Activity »
Using the entries that follow, transcribe only the lines from the line with "Gianvito Rossi 55mm" to the line with "edit your wedding", both included, exactly as they stand and without pictures.

Extracted material »
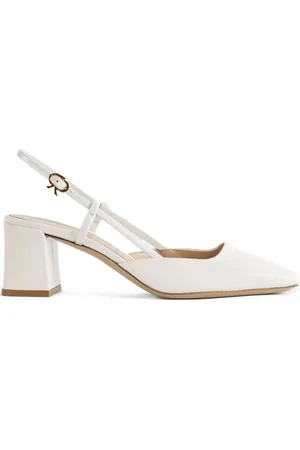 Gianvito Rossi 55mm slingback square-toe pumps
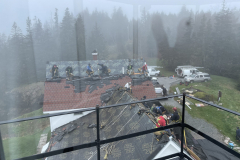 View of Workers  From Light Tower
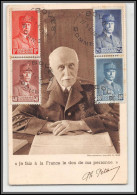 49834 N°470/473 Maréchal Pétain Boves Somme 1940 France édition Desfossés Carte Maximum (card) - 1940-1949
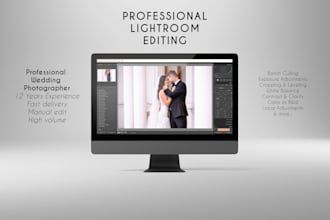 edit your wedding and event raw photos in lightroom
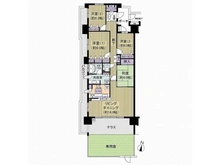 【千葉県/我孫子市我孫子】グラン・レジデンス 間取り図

...

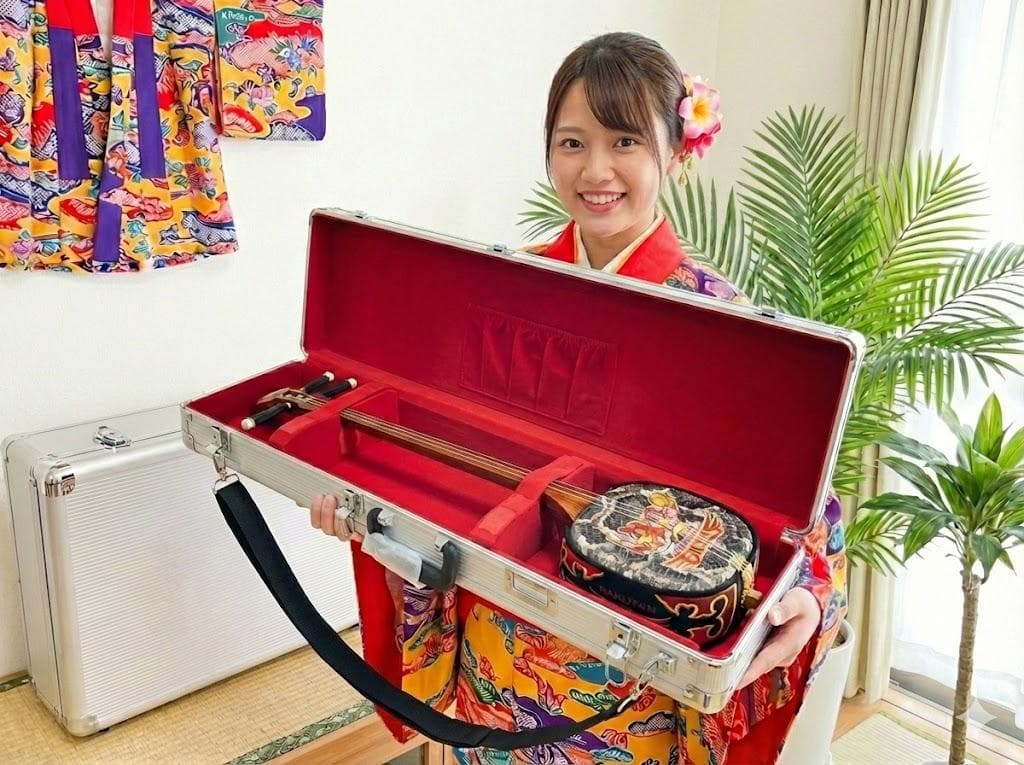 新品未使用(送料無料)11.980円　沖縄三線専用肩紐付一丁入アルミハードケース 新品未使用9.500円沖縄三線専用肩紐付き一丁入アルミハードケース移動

Your solution »
 Gianvito Rossi 55mm slingback square-toe pumps
 View of Workers  From Light Tower
 49834 N°470/473 Maréchal Pétain Boves Somme 1940 France édition Desfossés Carte Maximum (card) - 1940-1949
 edit your wedding and event raw photos in lightroom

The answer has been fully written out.